Clara read off some numbers to Wu, who hummed in response. “Tomorrow morning we’ll begin the tests, so rest up,” he decided. The three humans were gone in an instant, and the overhead lights in the room flicked off. Some safety lights were left on somewhere, though, since Adelaide’s eyes didn’t adjust to darkness the same way they usually did.
How long did she sleep? It was hard to tell what time it was, or even what day it was in a windowless room. It was hard to tell what time or day it was with how often she was unconscious.
The only movement in the small box were warm tears that trickled down Adelaide’s cheeks. This was what her life had become. Experiments and tests and a complete disregard for her personhood.

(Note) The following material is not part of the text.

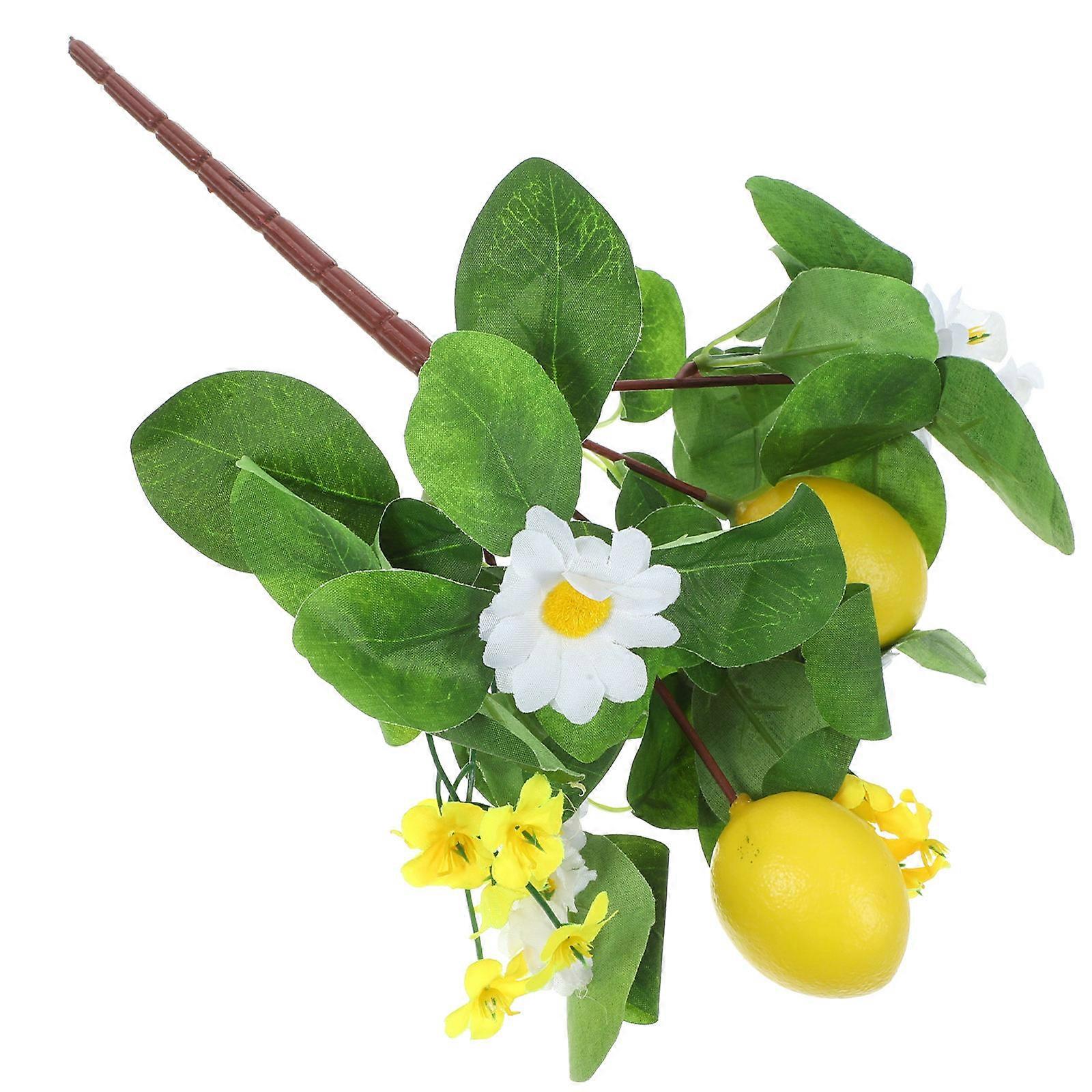 Artificial Lemon Branch Decor Wear Resistant for Decoration 3Pcs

She slowly glanced up at the blinking red light in the corner, watching her every move, then let her head fall back into the soft fabric.
It only felt like a couple moments before the buzzing lights turned back on and her body was dragged into consciousness. It was still sore all over, but she could at least move her limbs and think coherent thoughts now.
The face that stared down at her this time was Dr. Marshall. “Good morning, Adelaide.”
Adelaide wiped the drool from her face and stared up at the woman with nothing but pure hatred in her eyes.
“Your vitals are looking fine. You should be happy to know we no longer have to touch you to get readings.”
Right. The implant.
“Though, I am afraid we need to get you from point A to point B. Are you ready?”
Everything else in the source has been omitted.